秘密のカランコエ〜敏腕ドクターは愛しいママと子どもを二度と離さない〜

エピローグ

 時は巡り、あれから一年半。
 彩花は五歳の誕生日を控え、保育園では年中さんクラス。身長も伸びてすっかりお姉さんらしくなった。

 手術の傷跡は今では目立たなくなり、特に大きな問題もなく元気いっぱいに走り回る姿を見ていると、あの日々が遠い昔のことのように思える。

「ふぅ……。ちょっと苦しいな」
 冬の柔らかな日差しが降り注ぐ土曜日。

 私はかかりつけのクリニックで妊婦健診を終えた帰りに、宗一郎さんと彩花と一緒にクリニックのすぐ近くにある総合スーパーへ立ち寄った。
 フードコートは昼時で賑わっていたが、先に来ていた二人が座席を確保してくれていたので、難なく座ることができた。

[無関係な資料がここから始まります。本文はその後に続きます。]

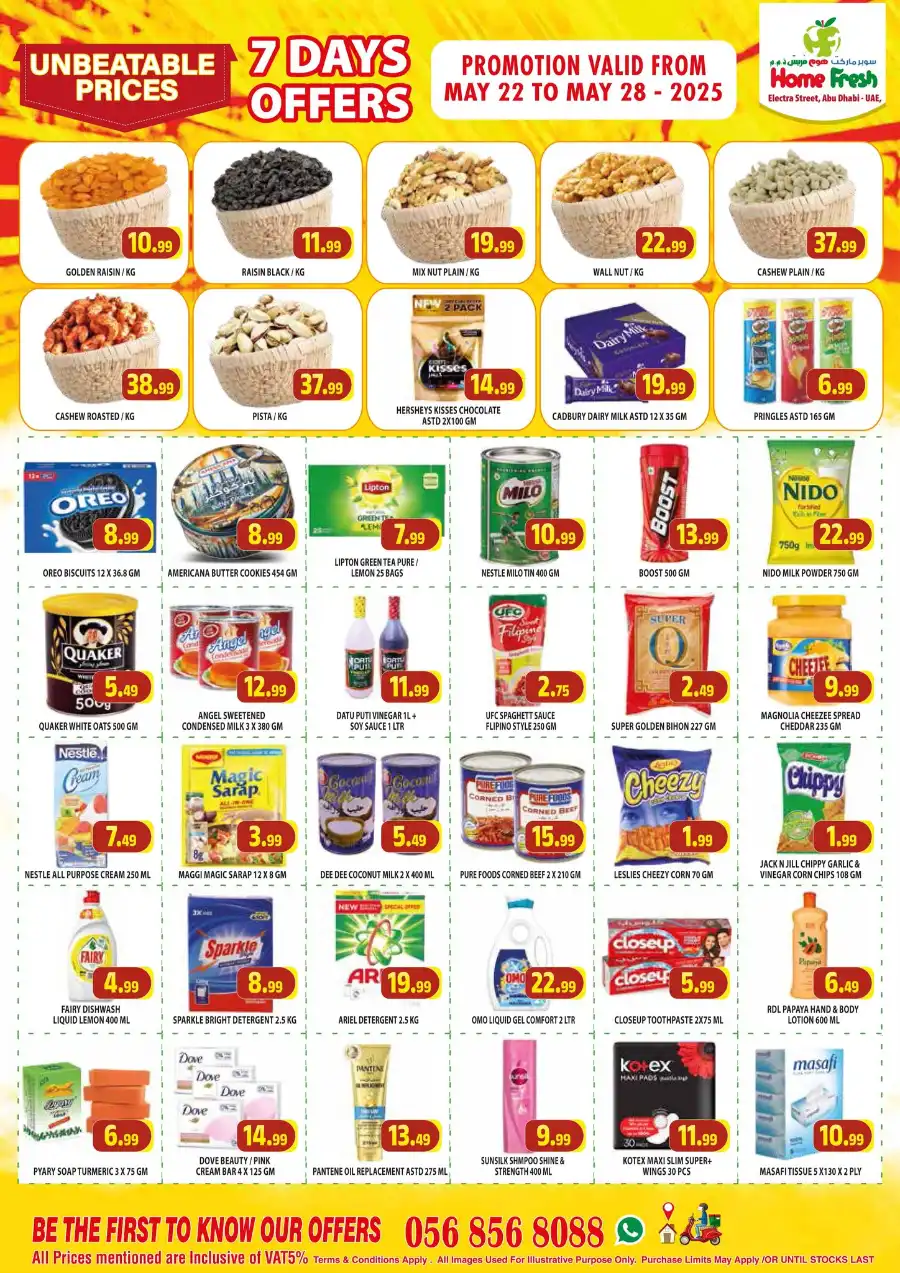 Price Blast: Discount Up to 50% In Home Fresh Abu Dhabi
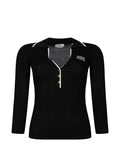 Elisabetta Franchi T-shirts and Polos BLACK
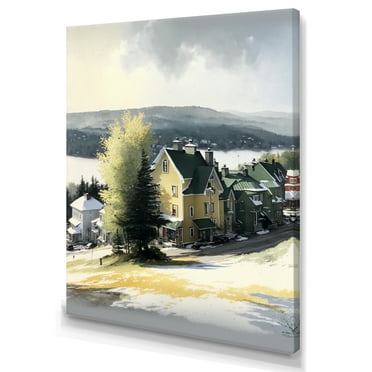 Designart Mont Tremblant Winter Season IV Canvas Wall Art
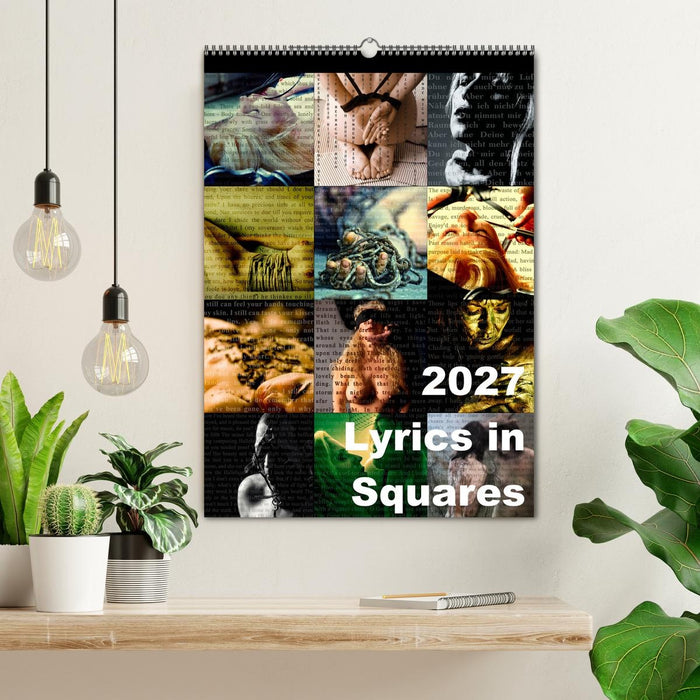 Lyrics In Squares (CALVENDO Wandkalender 2027)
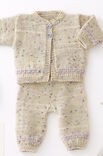 Lana Grossa JAKKE Cool Wool Baby Print Punto & Cool Wool Baby - Strikkeoppskrift (DK)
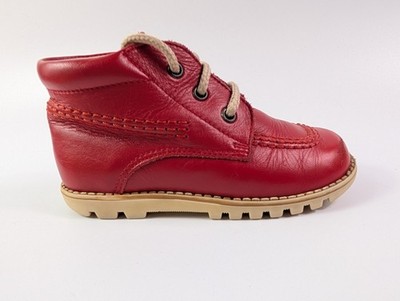 Andanines Kleinkinder Rot Leder Stiefel UK 7 EU 24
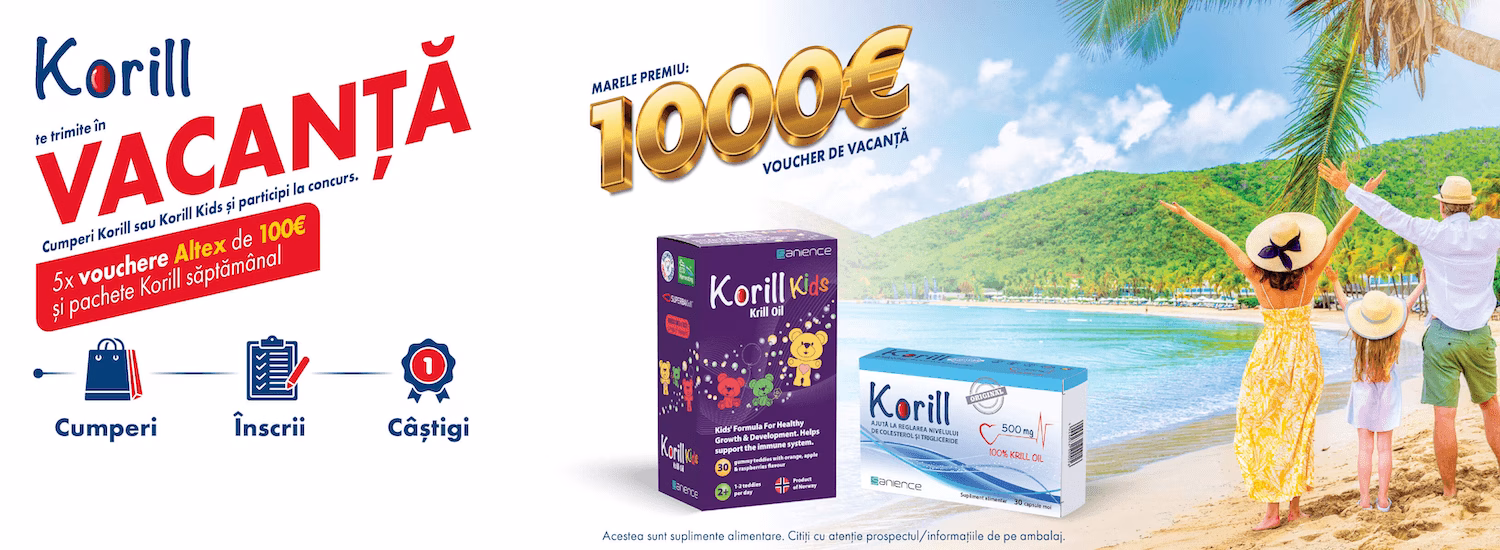 Campanie Korill te trimite in vacanta - Sun Wave Pharma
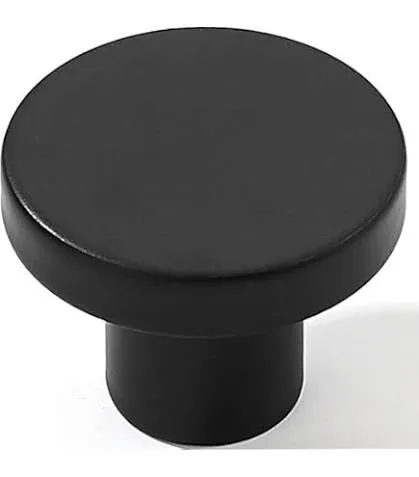 9128 DRAWER KNOB BL BLACK FURNITURE HANDLE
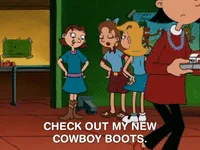 Cowboy Boots Girl (Hey Arnold!) (Olivia Hack)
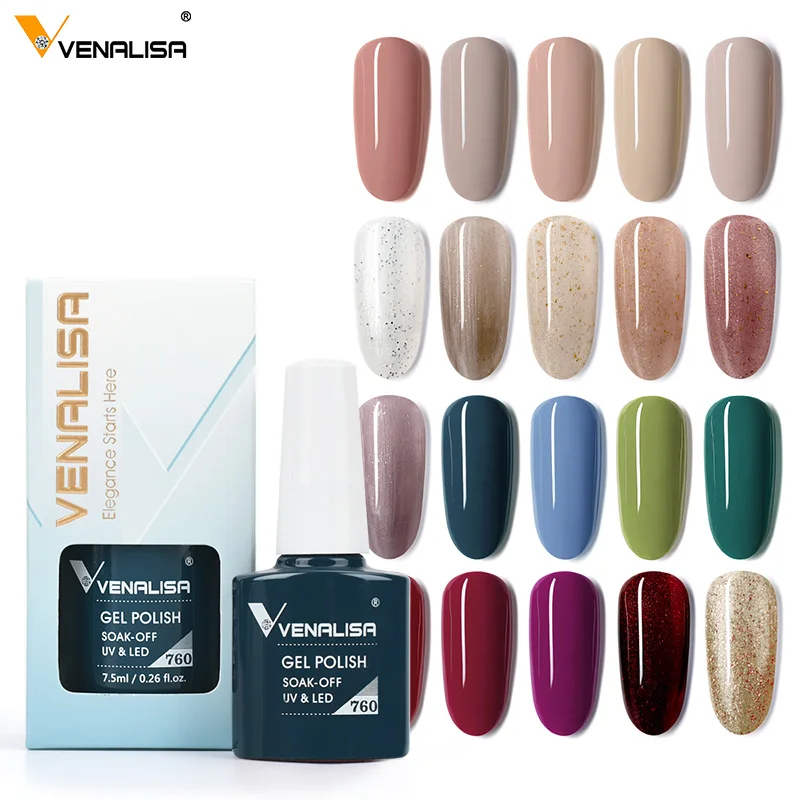 Venalisa VIP4 เล็บเจล 7.5ml ใหม่มาถึง Soak Off UV LED เจลเคลือบเงาเต็มรูปแบบ Super Texture งดงามเล็บ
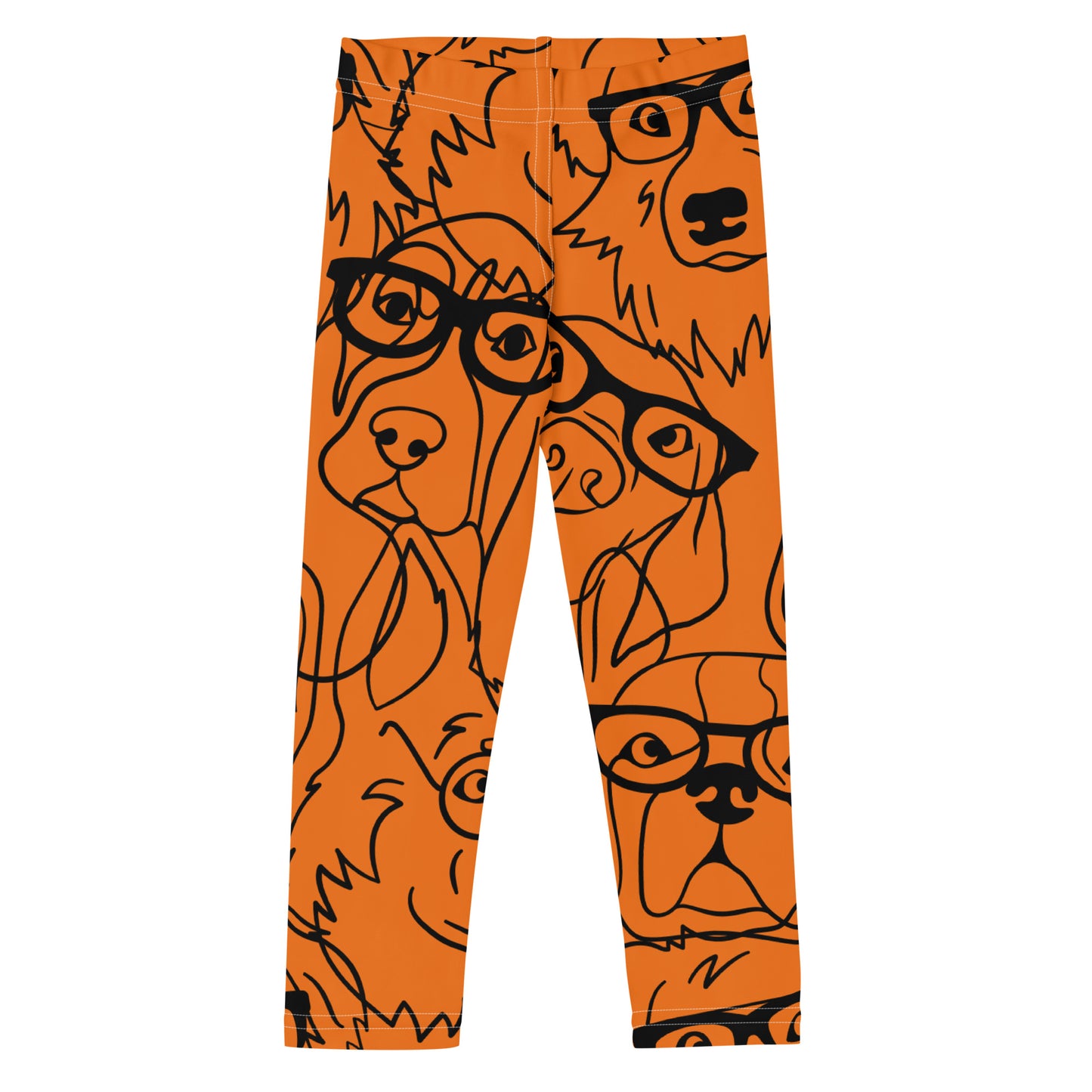 "Lili's Dogs" Kid's Leggings Mango Orange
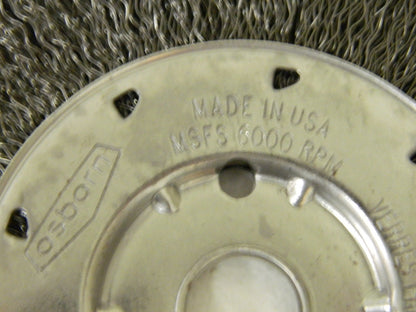 Osborn Crimped Wheel Brush 8" Brush Diameter USA W82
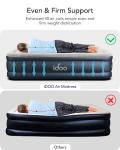 iDOO Queen Air Mattress with Built-in Pump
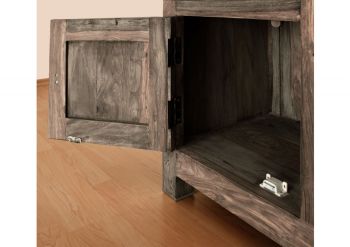 Sideboard Sheesham 180x45x95  grau geölt NATURE GREY #84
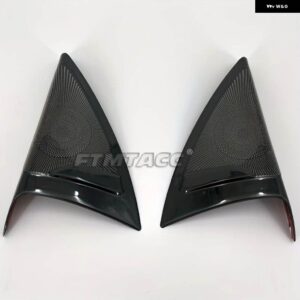 BMW 2個 カー スタイリング ドア ステレオ スピーカー ツイーターカバー ステッカー トリム X3 G01 2018-23 オート アクセサリー - black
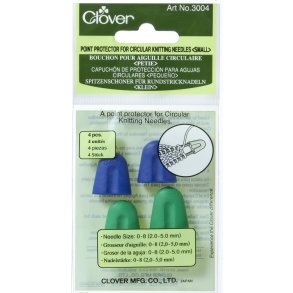 Clover - Pindebeskytter 4 stk plast 2-5mm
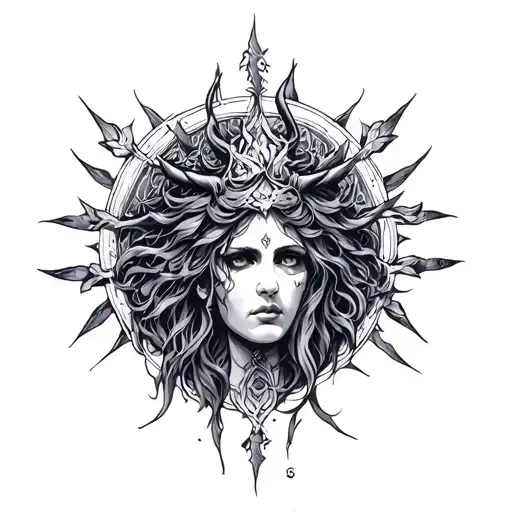Hecate Goddess tattoo design idea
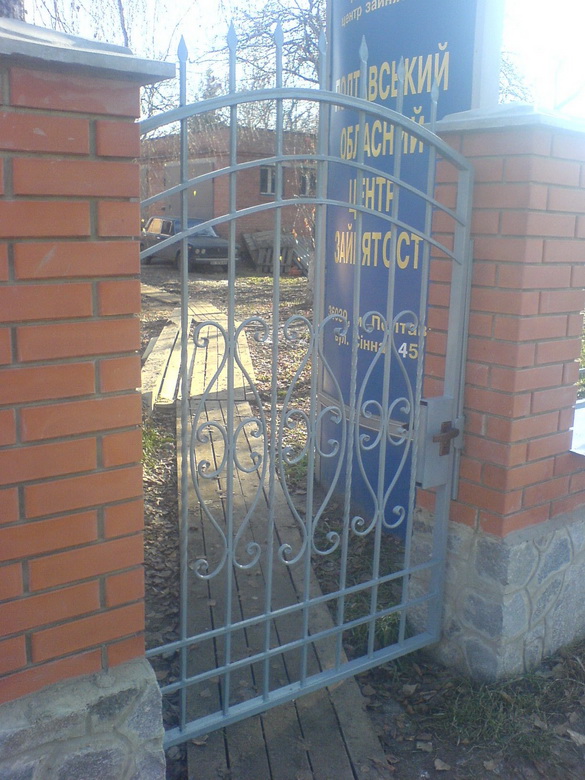 Ковані ворота, хвіртки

「ごめん、お待たせ。なんだか緊急オペが入ってたみたいで、その対応で外来が一時的にストップしてたのよ」
「そうか。それは仕方ない」
「ママー! うどんがいい!」
「はいはい、うどんね」

 元気に注文の希望を告げる彩花。
 少し考え込むような仕草を見せながら、私のお腹に視線を向けてきた。

「ママはあかちゃんがいるから、あったかいのがいいんだよね?」
 その気遣いがくすぐったくて、私は思わず笑ってしまう。
 すっかりお姉さんな彩花の姿に感動したのか、宗一郎さんも無言で頭を撫でている。

「そうだねぇ。でも、彩花が食べたいものを食べてもいいんだよ?」
「うーん……」

 出産してから、どうしても彩花に我慢させてしまうこともあるかもしれないと思うと、産まれるまでの今の時期だけでも本人が満足するまで甘やかせたいと思っている。
 彩花は腕を組んでわざとらしく考える仕草をする。

「やっぱりうどんがいいー!」
「そっか。じゃあうどんで決まりね」

「ではまいりましょー! ママはなにがいい? 」
「ママはね、きつねうどんがいいな」
「はーい! パパ、かいにいくよ!」

「はいはい。じゃあパパは天ぷらうどんかな」
「お姉ちゃん。任せたよ」

 小さな手を引かれながら歩いていく宗一郎さんの後ろ姿を眺めていると、胸がじんわりと温かくなる。
 あの人は、ずっと変わらない。穏やかな眼差しで私たちを守り、支えてくれる。

 妊娠してからの体調の変化にも、彼は誰より敏感に気づき、寄り添ってくれた。
 すぐ傍にそんな人がいてくれるのがどれだけありがたくて嬉しくて、心強いか。改めて実感した。
 そんなことを考え始めて五分も経たないうちにお盆にうどんを乗せて持ってききた。